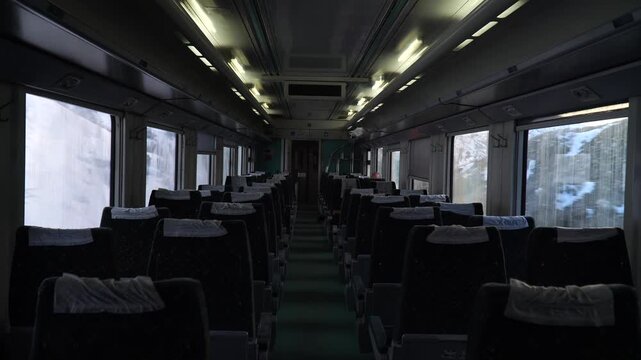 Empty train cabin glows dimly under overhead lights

---

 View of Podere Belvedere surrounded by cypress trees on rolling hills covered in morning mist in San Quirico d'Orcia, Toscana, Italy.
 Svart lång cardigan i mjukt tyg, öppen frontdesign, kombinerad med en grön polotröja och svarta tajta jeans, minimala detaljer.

* * *

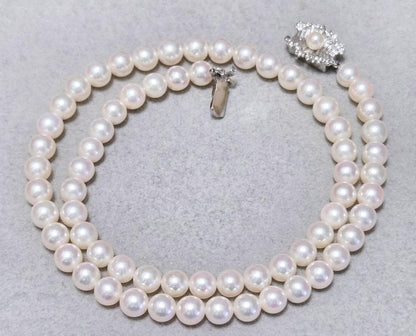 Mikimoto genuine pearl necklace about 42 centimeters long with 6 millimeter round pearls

→ Exercise aim
Using only the listing above, restate exactly the lines from the line containing "View of Podere" through the line containing "Svart lång cardigan", both included.

→ Output
 View of Podere Belvedere surrounded by cypress trees on rolling hills covered in morning mist in San Quirico d'Orcia, Toscana, Italy.
 Svart lång cardigan i mjukt tyg, öppen frontdesign, kombinerad med en grön polotröja och svarta tajta jeans, minimala detaljer.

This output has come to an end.